Personal information
- Full name: Godfrey Robert Goldin
- Born: 10 June 1919 Abbotsford, Victoria
- Died: 7 February 1943 (aged 23) Territory of New Guinea
- Original team: Coburg Amateurs
- Position: Rover

Playing career^{1}
- Years: Club / Games (Goals)
- 1939: Essendon / 8 (6)
- ^{1} Playing statistics correct to the end of 1939.

= Godfrey Goldin =

Australian rules footballer (1919–1943)

Godfrey Robert Goldin (10 June 1919 – 7 February 1943) was a champion schoolboy Australian rules footballer who also played with Essendon in the Victorian Football League (VFL).

He died of wounds sustained in action while serving with the Second AIF in New Guinea during World War II.

==Family==
The son of Robert Vane Goldin (1886-1969), and Ellen Christina Goldin (1890-1973), née Graham, Godfrey Robert Goldin was born on 10 June 1919.

He was engaged to Grace Lillian Osborne in September 1942. They never married.

His younger brother, Allan "Dick" Goldin, played 104 games in six seasons (1947 to 1952) for the Preston Football Club in the Victorian Football Association (VFA). He later coached Preston Seconds.

==Football==
===East Coburg State School===
He was a champion schoolboy footballer, he played for the East Coburg State School team (coached by Jack Baggott, and represented Victoria in the 1933 Inter-State Schoolboys' Australian Rules Carnival in Brisbane.

===Coburg Amateurs===
He played for the Coburg Amateurs team that won the D Grade premiership in 1936.

===Essendon (VFL)===
Recruited by Essendon in 1937, he played a season with Essendon's Second XVIII before making his debut against North Melbourne on 27 May 1939.

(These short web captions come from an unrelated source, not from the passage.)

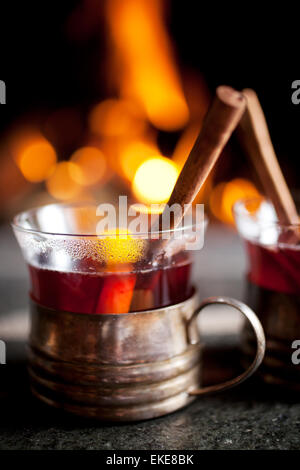 Vin chaud avec le bâton de cannelle par la cheminée Banque D'Images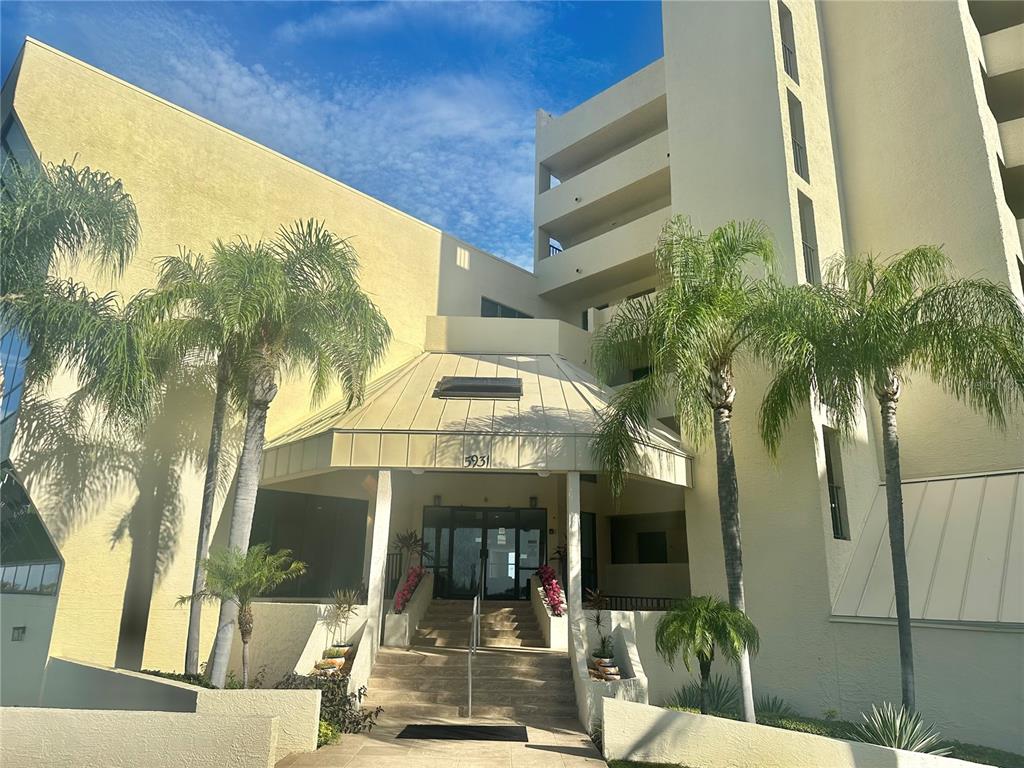 The exterior of a multi-story building features a covered entrance with stairs and palm trees — 6009 SEA RANCH DRIVE UNIT 704, HUDSON, FL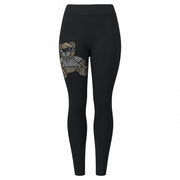 A pair of black leggings with a gold-colored bear and moon design on the lower left side.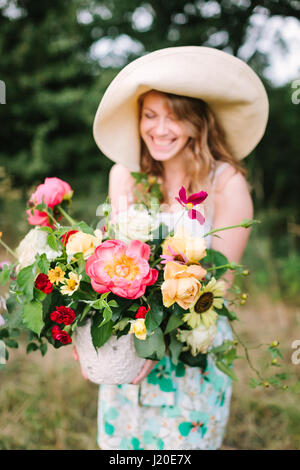 Bouquet, Menschen, Blumen Urlaub, Geschenk und Blumenarrangement Konzept - close-up auf schönen frischen Blumenstrauß, lächelnde junge Frau in ausgefallenen Hut hält Vase mit Sommerblumen in Natur Hintergrund. Stockfoto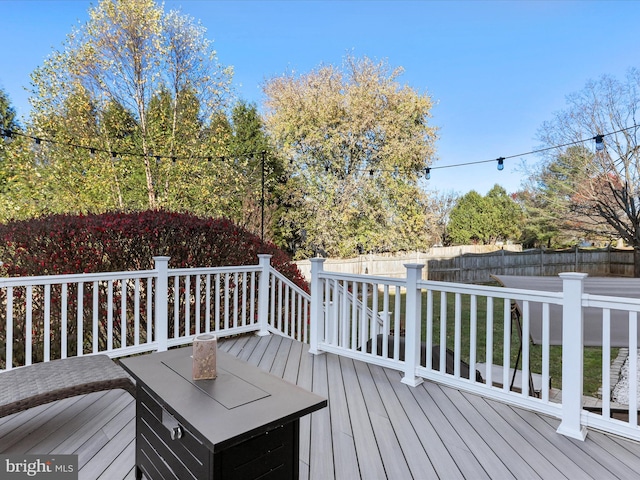 wooden terrace with a lawn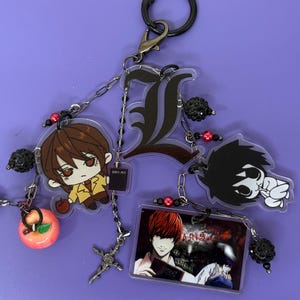 May include: A keychain featuring anime-style character charms. The charms include a large black letter "L", a character with brown hair, and a character with red hair. The keychain also has a small apple charm and a cross charm.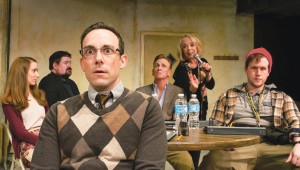 Curtis Raymond Shideler (foreground left) tries to placate a restive cast in Circle Theatre’s Don’t Talk to the Actors.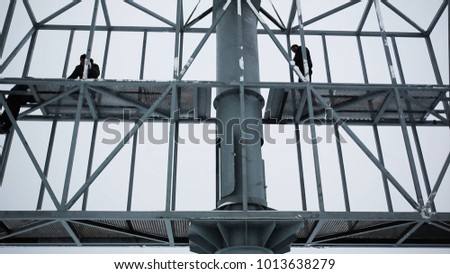 The steel frame construction of large banner. Industrial climber hangs a poster on a billboard. workers installing metal sheets on big billboard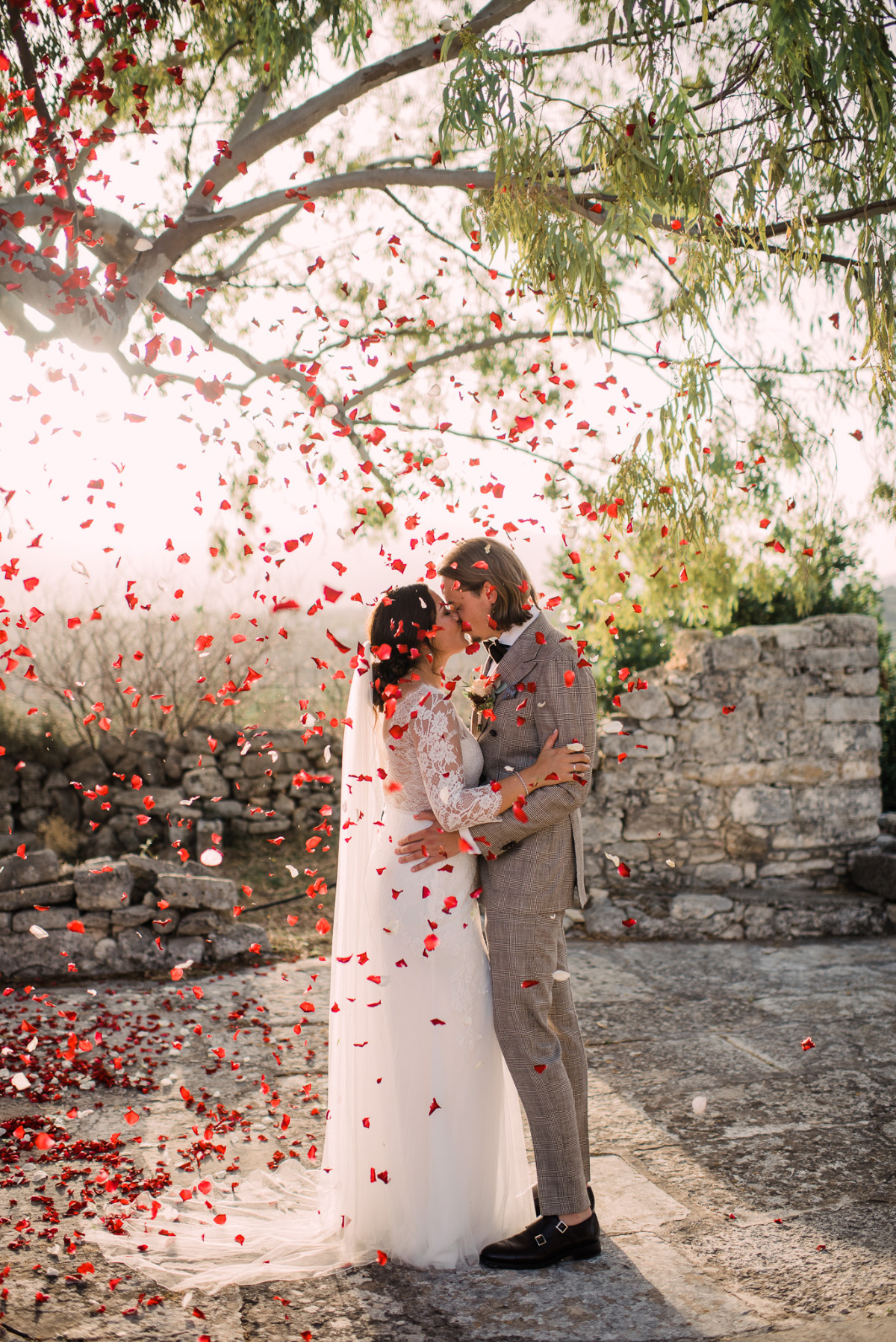 Bride and groom kiss under falling red petals at wedding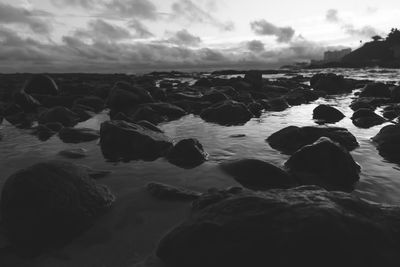 Rocks on beach against sky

With his early preseason training restricted by illness and injury, Goldin played several games with the Second XVIII in 1940.

==Cricket==
He played for Preston Cricket Club in the Victorian Sub-District Cricket Association.

==Military service==
He enlisted in the Second AIF on 11 March 1941.

==Death==
Having served in the North Africa, he died in New Guinea on 7 February 1943 of wounds he had sustained fighting against the Japanese in the Battle of Wau.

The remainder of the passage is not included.